Gummer singed my television with her smoldering looks, late-night eating habits and solo adventures. I pined for more information on Elliot, Angela, and Darlene, but Agent DiPierro took up more of my valuable attention as the weeks went on. Certainly, more than I ever intended.
When I later found out Gummer is Meryl Streep’s daughter, I started to connect the dots, but I was hooked long before knowing her lineage.
Gummer will make a name for herself and her addition to Mr. Robot was one of the best things about Season 2, extending the showcase of talented women on this essential ensemble show. – EE
Runner Up: Issa Rae in Insecure (HBO)
Best Guest Star: Dylan Baker – The Americans (FX)
This is usually Margo Martindale’s gig, but as terrific as she always is, you could fit all of her appearances for the season in under five minutes.
There are some meatier guest appearances on The Americans though that always get slighted or forgotten; this season it was Baker’s performance as William, the cantankerous Russian mole working close to America’s biowarfare program.
Whether he was describing in great detail how a bio weapon liquifies you from the inside, trying to outrun KGB agents Phillip and Elizabeth Jennings or his Grand Guignol of an exit complete with a monologue where he comes very dangerously close to revealing Phillip and Elizabeth’s identity, Baker stood out. – EE
Runner Up: Raymond Cruz – Better Call Saul (AMC)
Breakout Child Performer: Millie Bobby Brown – Stranger Things (Netflix)
Millie Bobby Brown relayed her character’s distress, fear, anger, and happiness with little dialogue but masses of natural expressive talent. Brown played Eleven, a psychokinetic weaponized child taken from her mother and made into a thing.
But she fights back, allies with other kids her age and foils the Big Bad. Eleven is a scene stealer and all the wonderful heartbreaking things we would imagine of a child wise beyond her years who was denied a normal life.
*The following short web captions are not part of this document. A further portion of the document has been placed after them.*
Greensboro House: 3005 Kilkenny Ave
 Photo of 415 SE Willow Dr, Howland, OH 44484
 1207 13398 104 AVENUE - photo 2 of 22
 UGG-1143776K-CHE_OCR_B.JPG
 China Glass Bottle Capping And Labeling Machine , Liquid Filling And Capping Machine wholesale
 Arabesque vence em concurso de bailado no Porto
The tragic connection she has with her “papa” played by Matthew Modine leads us to a tragic end and a memorable character in the first season that galvanized the TV watching nation. – AN
Runner Up: Gaten Matarazzo in Stranger Things
Best Female Performance (Comedy): Pamela Adlon – Better Things (FX)
Better Things from FX takes its cues from the opening theme song “Mother” by John Lennon. Pamela Adlon’s powerful and subdued comedy is both funny and bittersweet.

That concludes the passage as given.